在APP界面,点击Home键后会打开一个悬浮窗,以表示APP在后台运行。点击悬浮窗上的按键会返回APP。就是这么一个简单的过程,却无意中发现了这个BUG。当我点击Home键后,回到主桌面,然后点击悬浮窗上的按钮返回APP,而APP不会马上返回,需要延时一段时间才会启动,开始我以为是APP初始化比较耗时引起的,但这个怀疑马上就被打消了,因为我点击Back键后,回到主桌面,再点击悬浮窗上的按钮返回APP,非常迅速的就启动了。同时,我在主桌面上点击APP,也是非常迅速的就启动了。

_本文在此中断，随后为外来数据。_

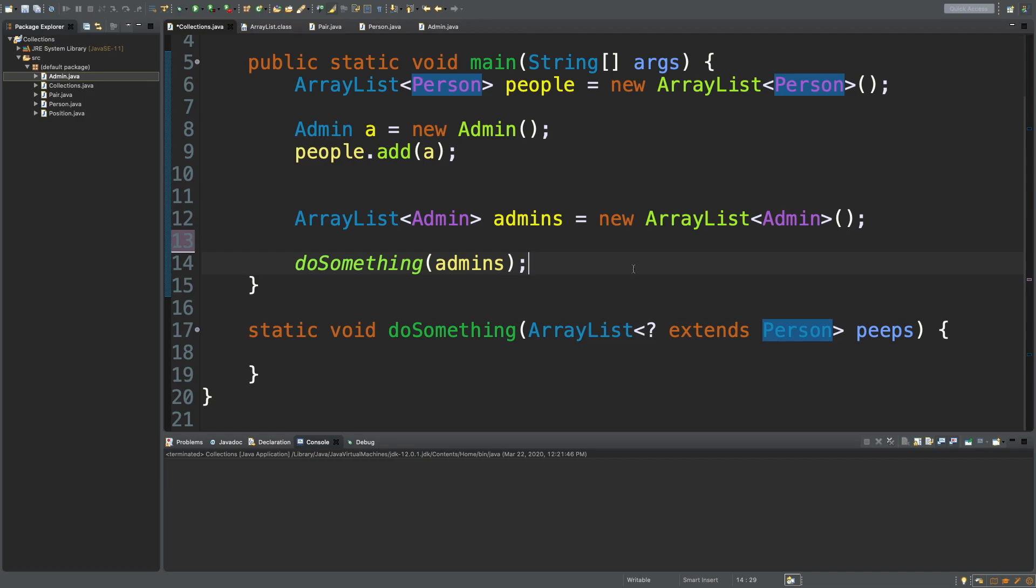However, you don't necessarily have to do it element by element, because if you think about it, all a cast really is, is it's changing the way Java treats a variable. The actual data doesn't change, it's just changing the type of the variable. So if we had a list, wouldn't it be more effective if we could just tell Java to consider the list of a different type? The data stays the same, but now we just look at the list a different way.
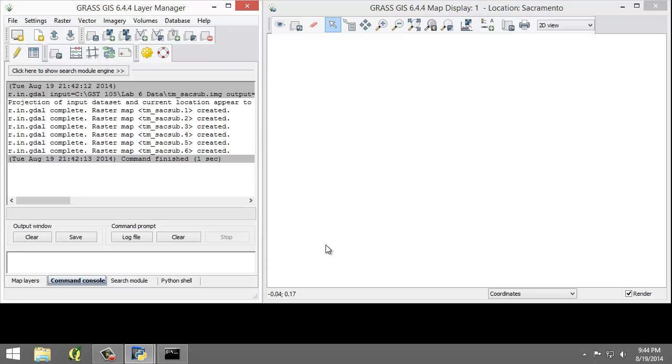Now that the imagery has been loaded and a group and subgroup have been specified, the last step is to set the region. If you recall from Lab 3, a region is a subset of a location defined by a rectangular bounding box. The region is important for raster and imagery operations as it bounds the area that will participate in any raster and imagery operations executed in GRASS. A region is an operating parameter set when working in GRASS.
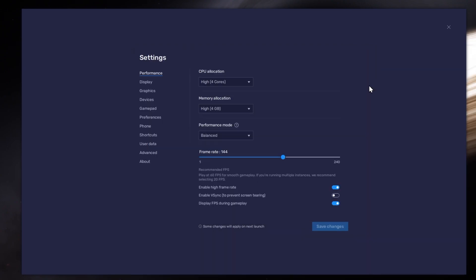Also, if you troubleshoot performance issues, make sure to enable the FPS counter option.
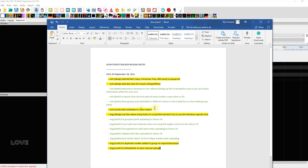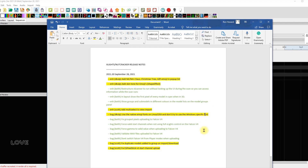Also: use native emoji fonts on Linux and OSX instead of trying to use the Windows-specific font. That's for you Mac users out there — and I'll be one soon. Good stuff. Now here are some things I've marked in red because I have a concern.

Why?这里就存在两个问题了:
启动Activity,我们都知道是调用startActivity,startActivity在framework中的调用流程,真正有用的就是下面startActivityLocked这个函数了。
、、frameworks/base/services/core/java/com/android/server/wm/ActivityStarter.java
final int startActivityLocked() {
...
final ActivityStack stack = getFocusedStack();
//下面的两个判断条件就是真正影响Activity是否延时启动的关键
//这里的uid比较就是对应了我们上面的问题2. 点击Home键,再点击主桌面的APP也不会延时启动。
//在主桌面点击APP,它的uid和callingUid是相等的所以不会进入下面的判断,会退出if条件,执行后面的方法。也就不会加入延时列表直接启动了。

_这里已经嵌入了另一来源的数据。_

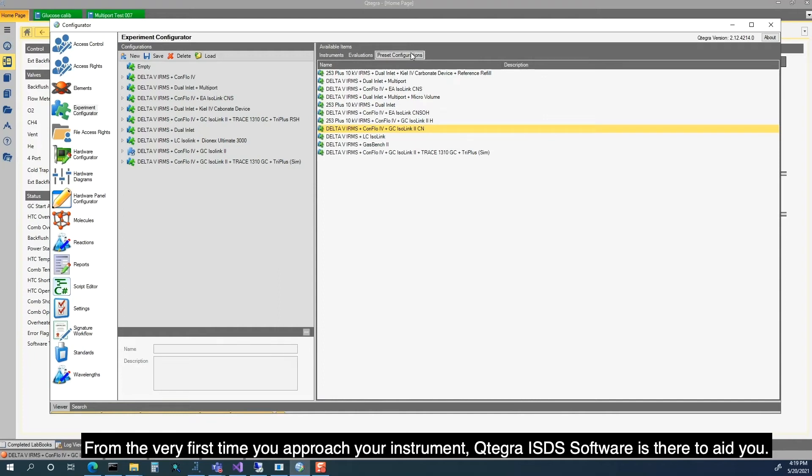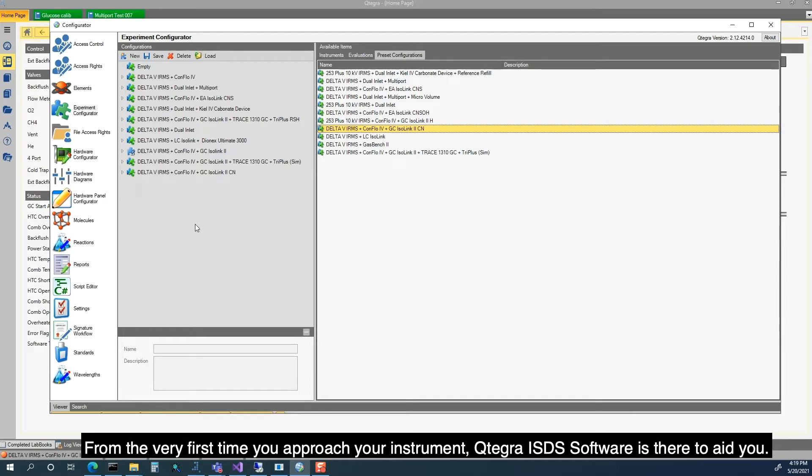From the very first time you approach your instrument, Cutegra ISDS Software is there to aid you.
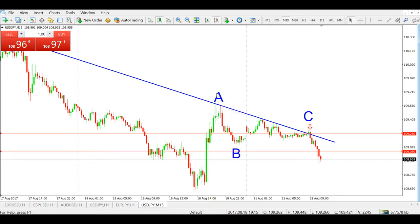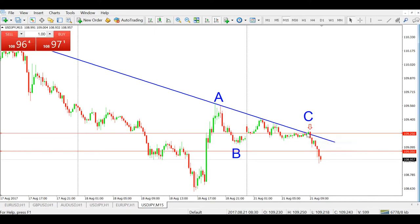So over here I have point A plotted, point B, and when it came up over here, point C at the trend line, I clicked the sell at 109.250.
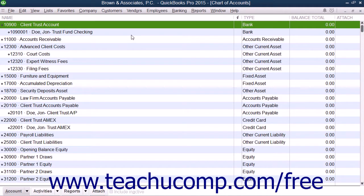An important note: if a lawyer intends to hold a large sum of money for a client, or intends to hold the funds for an extended period of time, the lawyer should not place those funds into an IOLTA account, but should rather place the funds into an account to be held in trust for that particular client.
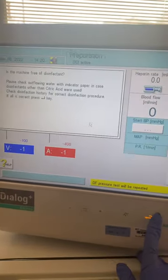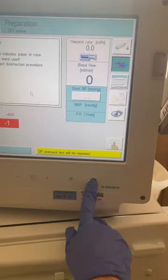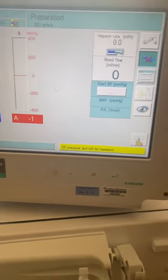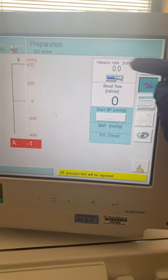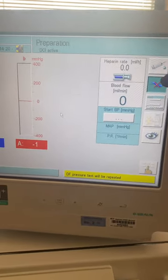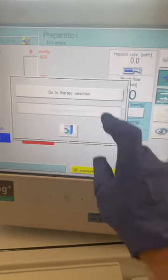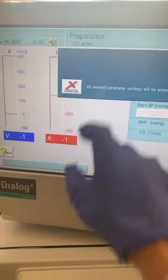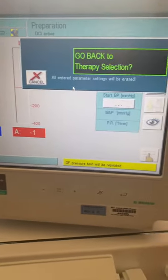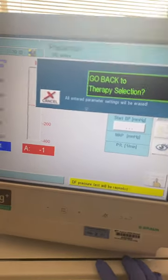This is the main screen when you come in in the morning — I'm just going to confirm. And now I need to go back a screen: one, two, three. So I'm going to choose that one. I'm going to go back to therapy selection. Yes, I'm sure — thank you for asking.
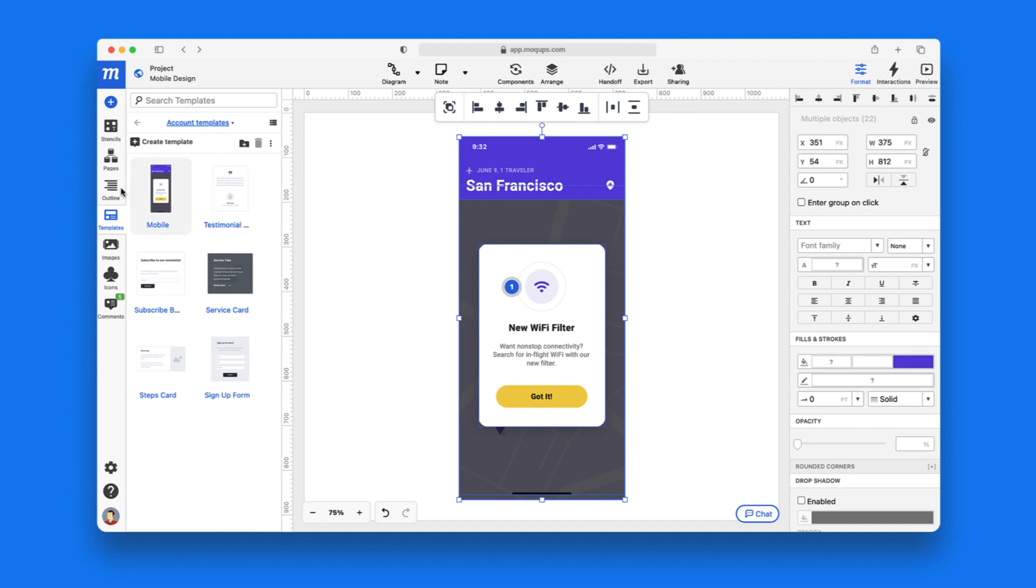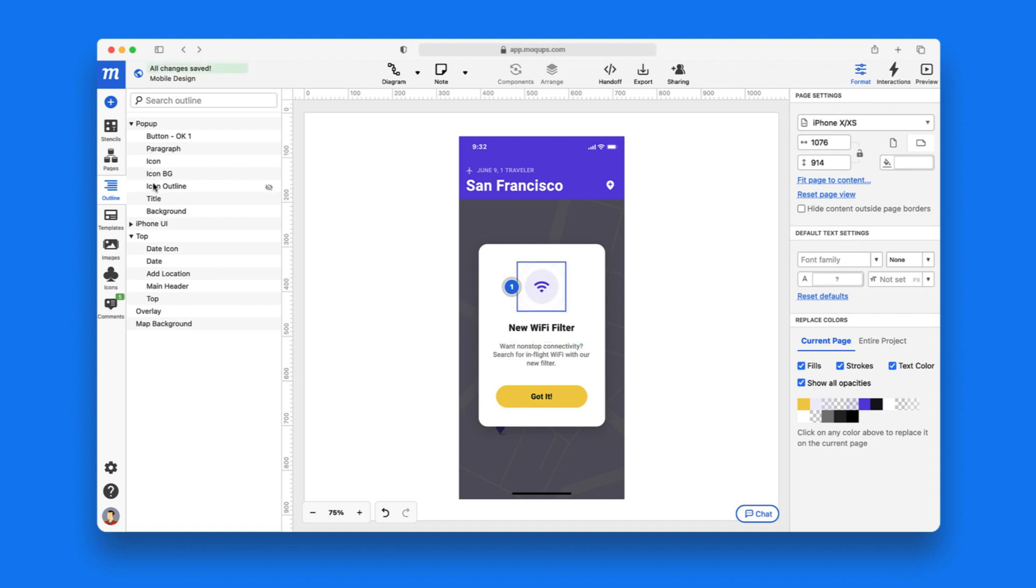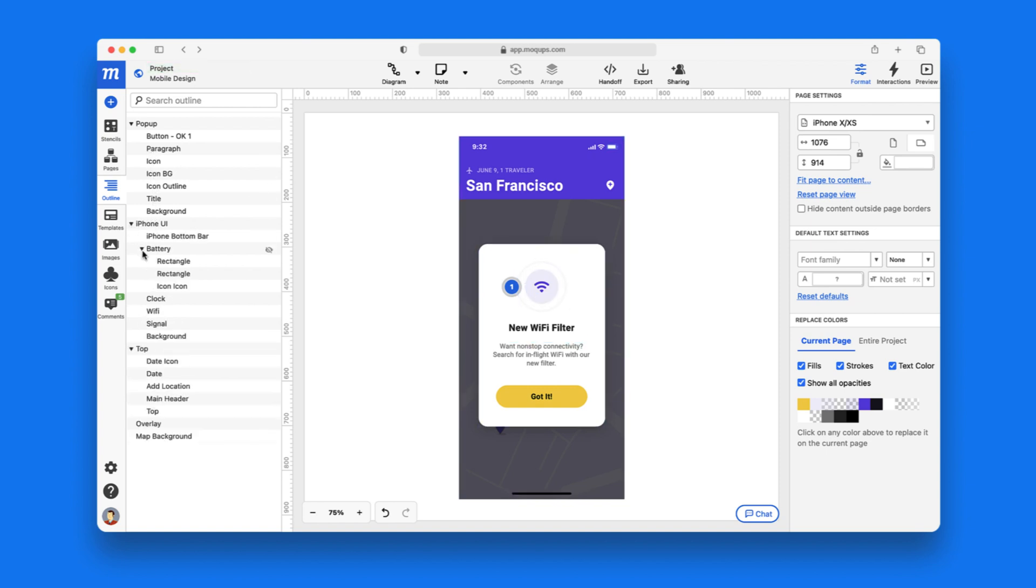Right above that is our outline panel. It's here that you'll find an overview of the layers on a page, making it easy to identify and organize both objects and groups.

if (stack.mResumedActivity == null || stack.mResumedActivity.info.applicationInfo.uid != callingUid) {
//如果条件都满足Activity启动将放到延时启动列表中
//checkAppSwitchAllowedLocked在ActivityManagerService中,代码在下面
if (!mService.checkAppSwitchAllowedLocked(callingPid, callingUid, "Activity start")) {
PendingActivityLaunch pal = new PendingActivityLaunch(r, sourceRecord, startFlags, stack);
mService.mPendingActivityLaunches.add(pal);
setDismissKeyguard(false);
ActivityOptions.abort(options);
return ActivityManager.START_SWITCHES_CANCELED;
}
}
...
err = startActivityUncheckedLocked(r, sourceRecord, startFlags, true, options);
...
}
//frameworks/base/services/core/java/com/android/server/wm/ActivityTaskManagerService.java
// Amount of time after a call to stopAppSwitches() during which we will
// prevent further untrusted switches from happening.

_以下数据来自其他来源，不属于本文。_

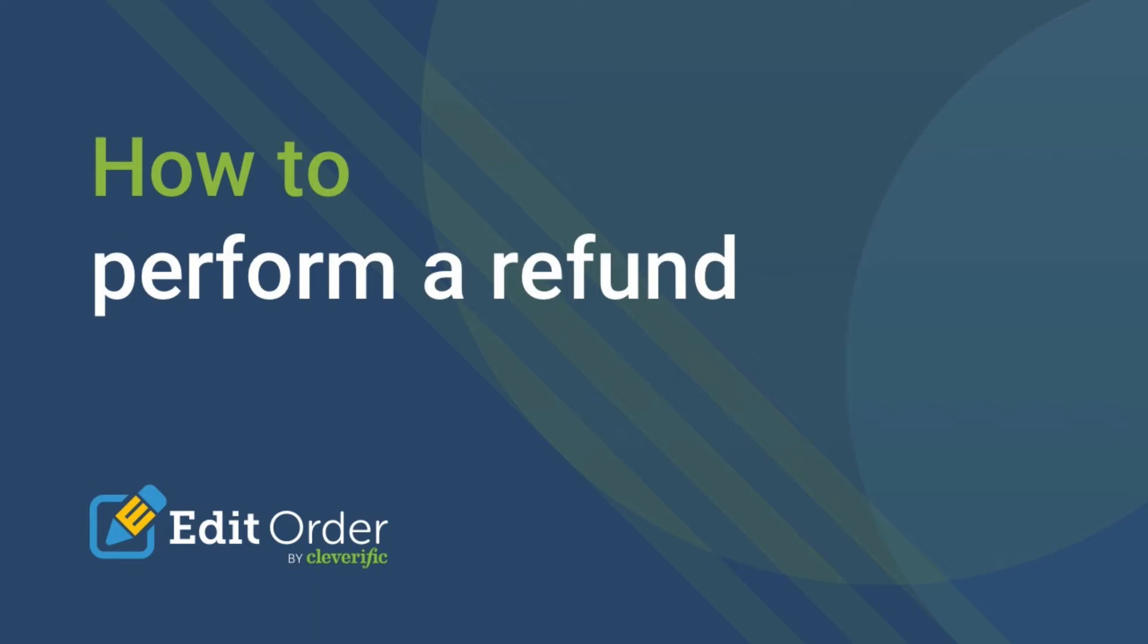In this quick video, we're going to walk through how to perform a refund in Edit Order. If your customer bought the wrong item or changed their mind for any reason, they'll be asking for their money back.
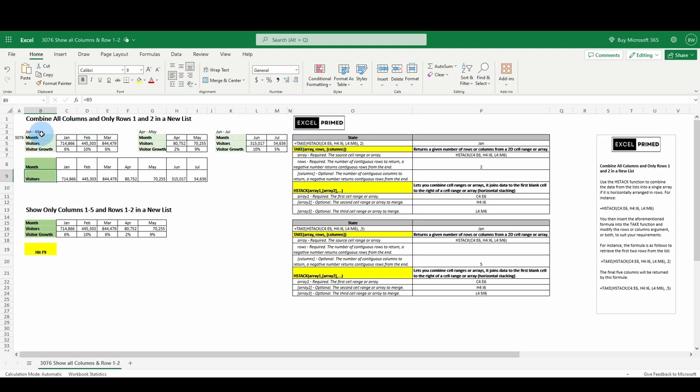We're not counting month, visitors, or visitor growth. We're counting the data. Keep that in mind. It's all driven off of whatever our array, whatever we put into our arrays.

static final long APP_SWITCH_DELAY_TIME = 5*1000;
//这里有两个判断条件,如果都不满足,就会返回false,返回false就会加入到延时列表中了
boolean checkAppSwitchAllowedLocked(int callingPid, int callingUid,
String name) {
//mAppSwitchesAllowedTime的时间小于当前的系统时间不会延时
//mAppSwitchesAllowedTime的赋值在stopAppSwitches函数中
if (mAppSwitchesAllowedTime < SystemClock.uptimeMillis()) {
return true;
}
//权限检测,如果APP有STOP_APP_SWITCHES权限不会延时
final int perm = checkComponentPermission(
android.Manifest.permission.STOP_APP_SWITCHES, callingPid,
callingUid, -1, true);
if (perm == PackageManager.PERMISSION_GRANTED) {
return true;
}
Slog.w(TAG, name + " request from " + callingUid + " stopped");
return false;
}
public void stopAppSwitches() {
if (checkCallingPermission(android.Manifest.permission.STOP_APP_SWITCHES)
!= PackageManager.PERMISSION_GRANTED) {
throw new SecurityException("Requires permission "
+ android.Manifest.permission.STOP_APP_SWITCHES);
}
synchronized(this) {
//调用stopAppSwitches函数后,mAppSwitchesAllowedTime会在当前系统的时间上加上5秒
mAppSwitchesAllowedTime = SystemClock.uptimeMillis()
+ APP_SWITCH_DELAY_TIME;
mDidAppSwitch = false;
mHandler.removeMessages(DO_PENDING_ACTIVITY_LAUNCHES_MSG);
Message msg = mHandler.obtainMessage(DO_PENDING_ACTIVITY_LAUNCHES_MSG);
//延时5秒后发送DO_PENDING_ACTIVITY_LAUNCHES_MSG消息,它的处理在doPendingActivityLaunchesLocked函数中。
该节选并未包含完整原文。